The life cycles of Be viscous decretion discs: time-dependent modelling of infrared continuum observations

TL;DR

This study applies the viscous decretion disc model to infrared observations of 80 Be stars, revealing their disc structures, mass decretion rates, and evolutionary patterns, and establishing a link between disc density and density gradient.

Contribution

It provides a comprehensive analysis of Be star disc properties using time-dependent modelling, highlighting the evolutionary connection between disc density and structure.

Findings

Disc density and gradient are correlated.

Early-type stars have denser discs than late-type stars.

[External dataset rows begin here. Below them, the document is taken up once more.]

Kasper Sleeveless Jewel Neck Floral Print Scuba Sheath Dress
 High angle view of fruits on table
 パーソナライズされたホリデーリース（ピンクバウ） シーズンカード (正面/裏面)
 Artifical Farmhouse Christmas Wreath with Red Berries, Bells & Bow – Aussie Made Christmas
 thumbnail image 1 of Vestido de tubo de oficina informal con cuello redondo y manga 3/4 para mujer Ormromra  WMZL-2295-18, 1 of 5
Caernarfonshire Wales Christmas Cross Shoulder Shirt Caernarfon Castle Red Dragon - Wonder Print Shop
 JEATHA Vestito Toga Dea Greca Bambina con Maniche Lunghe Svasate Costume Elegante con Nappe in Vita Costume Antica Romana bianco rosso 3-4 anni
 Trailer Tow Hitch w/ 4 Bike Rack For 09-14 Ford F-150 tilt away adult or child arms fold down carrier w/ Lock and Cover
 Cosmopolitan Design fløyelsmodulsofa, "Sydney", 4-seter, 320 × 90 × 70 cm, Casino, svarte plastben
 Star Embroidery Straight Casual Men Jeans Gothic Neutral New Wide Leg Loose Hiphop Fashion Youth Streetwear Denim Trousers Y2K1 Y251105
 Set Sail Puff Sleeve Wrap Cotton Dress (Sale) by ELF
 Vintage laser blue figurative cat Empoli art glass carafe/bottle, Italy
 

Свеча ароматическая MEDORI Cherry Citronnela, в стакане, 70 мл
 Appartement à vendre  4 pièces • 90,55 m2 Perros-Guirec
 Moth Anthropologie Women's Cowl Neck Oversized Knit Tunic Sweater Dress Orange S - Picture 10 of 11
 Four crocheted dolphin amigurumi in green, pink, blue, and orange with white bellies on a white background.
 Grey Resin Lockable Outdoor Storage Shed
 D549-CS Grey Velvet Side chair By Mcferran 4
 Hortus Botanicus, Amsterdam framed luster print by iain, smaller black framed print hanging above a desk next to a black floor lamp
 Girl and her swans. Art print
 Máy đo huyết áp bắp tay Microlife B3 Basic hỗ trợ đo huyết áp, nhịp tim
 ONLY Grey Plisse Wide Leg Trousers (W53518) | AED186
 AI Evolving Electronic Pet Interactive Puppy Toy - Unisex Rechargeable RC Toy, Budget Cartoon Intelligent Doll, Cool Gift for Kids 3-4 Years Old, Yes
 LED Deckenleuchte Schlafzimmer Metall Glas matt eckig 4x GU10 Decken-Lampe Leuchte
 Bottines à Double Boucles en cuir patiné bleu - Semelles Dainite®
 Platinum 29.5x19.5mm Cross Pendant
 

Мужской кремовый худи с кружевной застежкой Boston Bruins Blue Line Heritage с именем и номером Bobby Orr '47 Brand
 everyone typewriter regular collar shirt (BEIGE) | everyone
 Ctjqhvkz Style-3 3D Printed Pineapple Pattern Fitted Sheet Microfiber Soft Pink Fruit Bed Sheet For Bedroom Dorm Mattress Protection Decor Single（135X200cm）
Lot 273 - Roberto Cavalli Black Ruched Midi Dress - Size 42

Disc growth timescale is shorter than dissipation timescale.

Abstract

We apply the viscous decretion disc (VDD) model to interpret the infrared disc continuum emission of 80 Be stars observed in different epochs. In this way, we determined 169 specific disc structures, namely their density scale, $\rho_0$, and exponent, $n$. We found that the $n$ values range mainly between $1.5$ and $3.5$, and $\rho_0$ varies between $10^{-12}$ and $10^{-10}\,\mathrm{g\,cm^{-3}}$, with a peak close to the lower value. Our large sample also allowed us to firmly establish that the discs around early-type stars are denser than in late-type stars. Additionally, we estimated the disc mass decretion rates and found that they range between $10^{-12}$ and $10^{-9}\,\mathrm{M_{\odot}\,yr^{-1}}$. These values are compatible with recent stellar evolution models of fast-rotating stars. One of the main findings of this work is a correlation between the $\rho_0$ and $n$ values. In order to find out whether these relations can be traced back to the evolution of discs or have some other origin, we used the VDD model to calculate temporal sequences under different assumptions for the time profile of the disc mass injection. The results support the hypothesis that the observed distribution of disc properties is due to a common evolutionary path. In particular, our results suggest that the timescale for disc growth, during which the disc is being actively fed by mass injection episodes, is shorter than the timescale for disc dissipation, when the disc is no longer fed by the star and dissipates as a result of the viscous diffusion of the disc material.